Fig. 77. Dilated deep episcleral vessels overlying a malignant melanoma of the choroid. Diffuse scleral pigmentation is seen at exit of main vessel from sclera.

Translucency of the sclera can occur through thinning, dehydration, and reorientation of the collagen structure of the cornea. A diffuse uniform bluish tinge is common in white newborns and is a feature of young children's eyes. The blue color is almost universal in premature infants when the underlying pigment can be seen through the translucent sclera. Blue sclerae persisting beyond the first few months of infancy are pathologic and may indicate either stretching of the anterior segment of the eye, as in congenital glaucoma, or van der Hoeve's syndrome, a condition known to all physicians and seen by few. It is characterized by blue sclerae, fragilitas ossium, deafness, and other mesodermal defects in the skull, teeth, and eye. Changes in the supporting tissues of the joints lead to their subluxation and dislocation. An autosomal dominant, regular inheritance is characteristic: 50% of the members of a family are affected. The etiology, presumed to be an enzyme defect, is unknown, and, consequently, there is no effective treatment. The blue sclerae are due to congenital thinning of the sclera and cornea with an increase in the mucopolysaccharide ground substance, indicating that the collagen tissue has never reached its adult form.
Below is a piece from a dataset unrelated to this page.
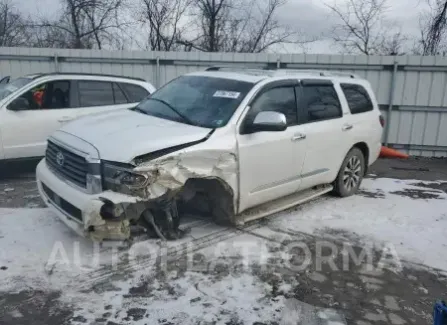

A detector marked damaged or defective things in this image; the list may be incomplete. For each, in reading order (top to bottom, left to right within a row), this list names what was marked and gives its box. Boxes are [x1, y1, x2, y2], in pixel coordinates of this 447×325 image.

damaged white suv [36, 67, 384, 240]
exposed wheel well [354, 141, 372, 175]
broken headlight [103, 160, 149, 191]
Encroachment of sclera on the cornea is so common, particularly at the upper limbus, that it is difficult to know what is normal and what is to be regarded as abnormal, particularly when searching for pathologic signs in chlamydial infections or vernal conjunctivitis. Gross degrees are not uncommon but fortunately rarely affect vision or require active treatment. The defect is most commonly encountered in microphthalmic eyes or eyes containing other congenital defects, in particular anterior chamber cleavage syndromes or posterior colobomas. Very rarely, the cornea encroaches on the sclera, particularly in Axenfeld's syndrome, giving the appearance of megalocornea or buphthalmos. The intraocular pressure must always be measured in these patients.
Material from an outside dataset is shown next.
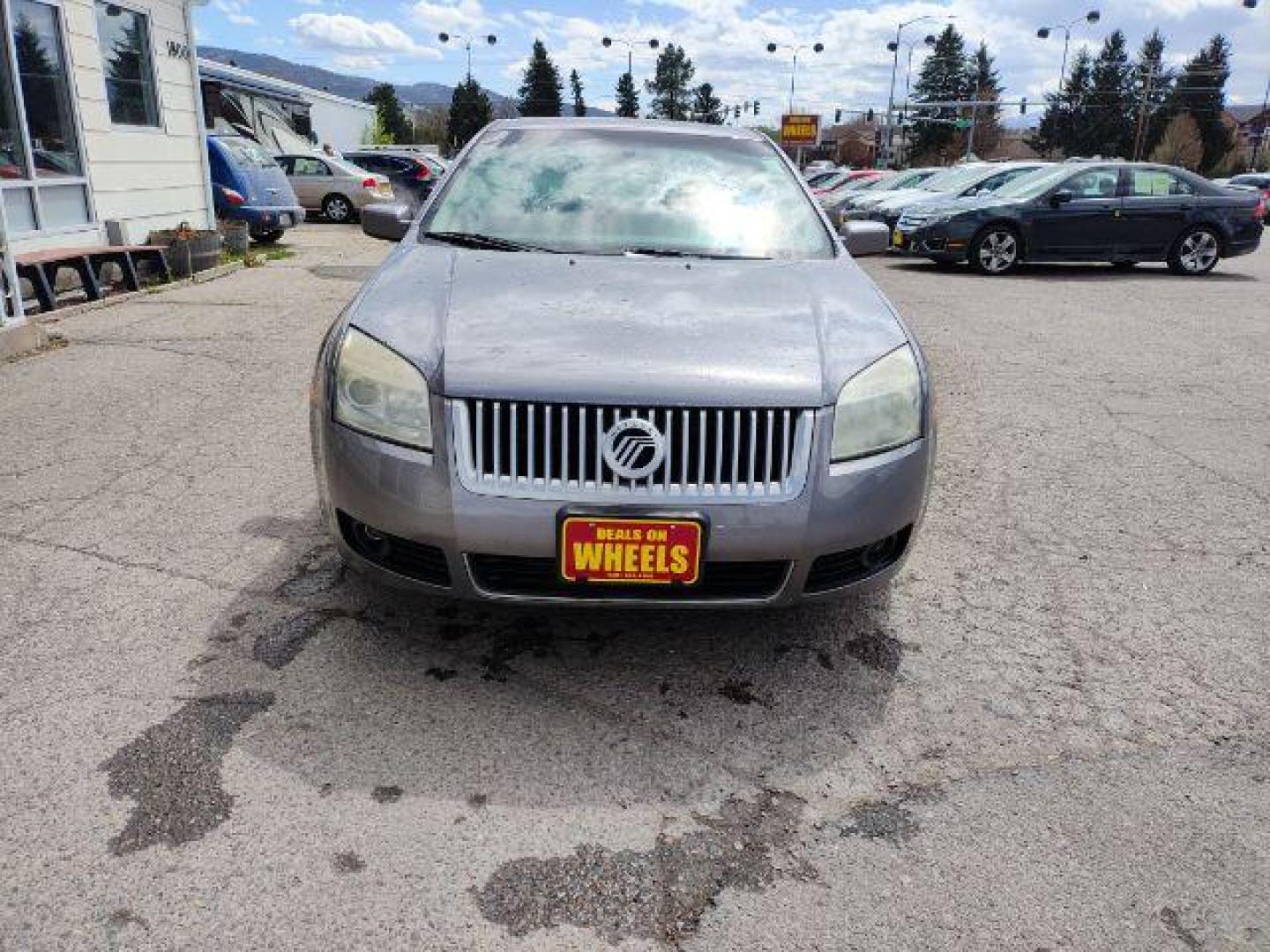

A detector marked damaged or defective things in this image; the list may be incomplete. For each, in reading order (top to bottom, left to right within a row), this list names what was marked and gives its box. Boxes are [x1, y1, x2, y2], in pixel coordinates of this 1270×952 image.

A complete failure of condensation of mesoderm in the region of a coloboma of the choroid is rare and probably not compatible with the formation of a functional eye. However, areas of ectasia of the sclera have been seen, particularly around the disc, for these patients the normal disc can be seen at the bottom of a deep, sharp-edged pit or posterior staphyloma. Malformation of the sclera at the posterior pole of the eye may be the reason for the increased axial length found in congenital myopia.

Cartilage is found only in grossly abnormal eyes. This is surprising considering the nature of the sclera and the fact that cartilaginous ocular coats occur in lower animals.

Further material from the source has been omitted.